Last weekend I came across a pair of articles that are both interesting in-and-of-themselves and that encapsulate much of what I find perplexing about modern science. In both cases, I agree with the conclusion–with certain qualifications–but do not entirely trust the validity of the methods used. These are also both good examples because they’re not obnoxious quasi-neuroscientific accounts of why we don’t have free will; rather, they attempt to accurately describe real phenomena–one deals with ethics, one aesthetics–yet I still can’t help but find them somewhat reductionistic.
The first,“The Myth of the Ethical Vegan,” argues that ethical veganism, the avoidance of animal products out of a desire to not abuse animals, is incoherent, because no food product can be made without killing animals:
In the real world, the ethical vegan has no idea — none at all — whether their diet causes more animals to die, the same number, or fewer, than a diet which includes meat. Even when they engage in a completely irrational search for micrograms of animal material in their diet (I know of one vegan who refuses to eat black olives because squid ink is used in part to color them) their actions are purely symbolic; they have no idea what their real impact is. Instead, they obsess over micrograms of animal products in their food while ignoring the metric tons of animal life destroyed to bring that food to the table.
In fact, ethical vegans exhibit a stunning and savage hypocrisy. Ethical vegans, as a class, fail utterly to put any of their professed ethics into action. They claim to not cause harm to animals, but they do; when confronted, they claim to cause less harm to animals than the non-vegan, but they are utterly unable to show that to be true, and are willing to take no real effort to even quantify their impact. They are intimately involved, every day, in an activity that causes the deaths of millions of animals, and they do nothing about it.
The second, “The Architect Has No Clothes,” describes what it sees as “architectural myopia,” the failure of architects to create buildings that actually satisfy the needs of human life:
So often we have debated the phenomenon of “architectural myopia” with architects, who dismiss it and insist that is all about aesthetics, or a matter of opinion. But that old relativist narrative is flatly contradicted by a growing body of modern scientific findings. True, people have enormous varieties of experiences and tastes—and it’s wonderful that they do—but these phenomena are generated by a common set of structural processes that are identifiable and sharable. Some experiences are unquestionably damaging to health and wellbeing, in the same way that, say, the structure of car exhaust molecules is damaging to health and wellbeing. It does no good to say our narrative about car exhaust is such and such, we want people to experience it and be provoked by it—that will not change the fact that we are making people unwell.

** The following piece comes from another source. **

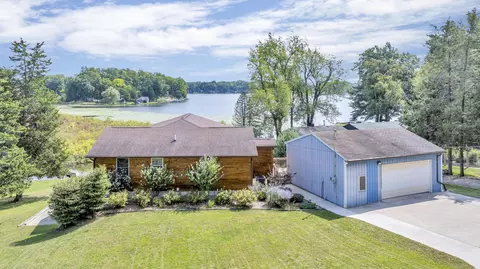 11579 W Crystal Lake Dr, Jerome, MI 49249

As I said above, I agree with both of these conclusions, but I find the methodology suspect. I’ll avoid theorizing over-much about why, but I think what irks me in both is not their scientific backing so much as their implicit secular humanism. The first article assumes a utilitarianism and talks scornfully of “symbolic” behavior, while the second responds to claims of the absolute malleability of human nature by saying we’re not malleable at all, when the question ought to be, what should we mold ourselves into?